* **Exercise directions**
Without pictures, return the lines from the one containing "LoseYourTouch第8话" through the last line of the data below, exactly.

* **Provided data**
+---+

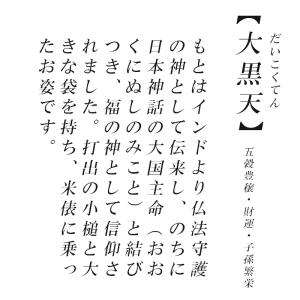 古美金調 七福神 像 金属製 石板台座 付 金...の詳細画像4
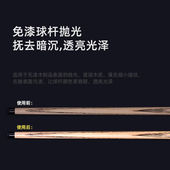 霆友台球杆保养用品保养蜡工具配件擦杆布打磨抛光棉护理套装 桌球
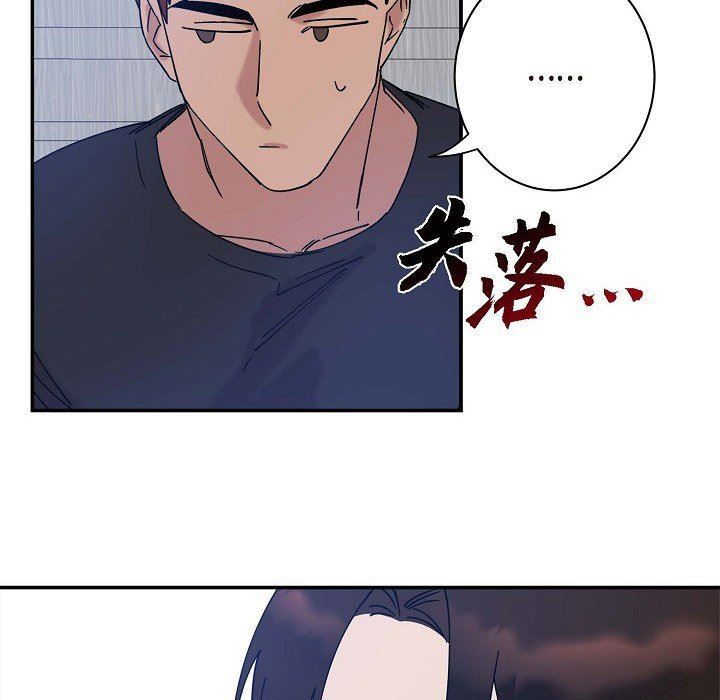 LoseYourTouch第8话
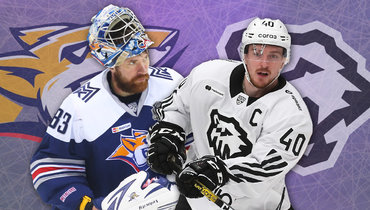 «Магнитка» — «Трактор».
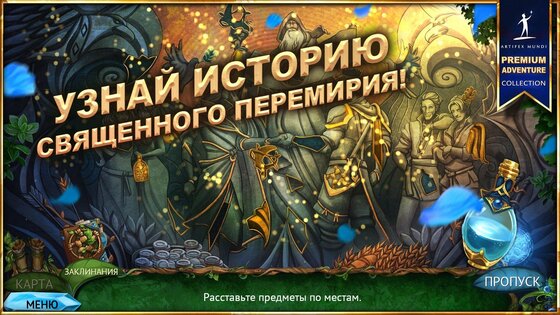 Королевский квест 4 2.5. Скриншот 5
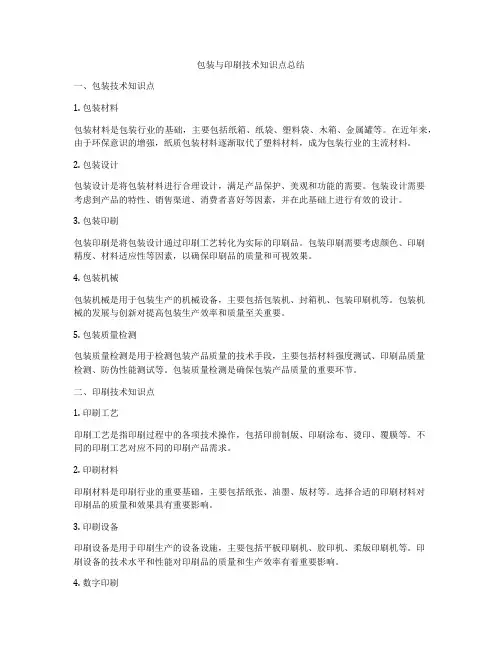 包装与印刷技术知识点总结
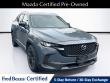 Certified 2024 Mazda CX-50 2.5 S Select Package SUV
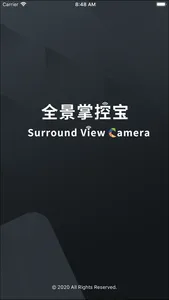 全景掌控宝 screenshot 0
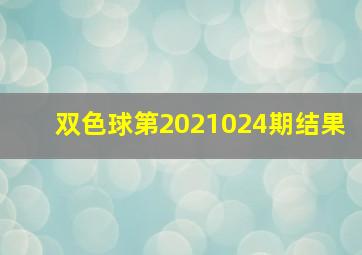 双色球第2021024期结果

+---+

* **Exercise answer**
 LoseYourTouch第8话
 «Магнитка» — «Трактор».
 Королевский квест 4 2.5. Скриншот 5
 包装与印刷技术知识点总结
 Certified 2024 Mazda CX-50 2.5 S Select Package SUV
 全景掌控宝 screenshot 0
 双色球第2021024期结果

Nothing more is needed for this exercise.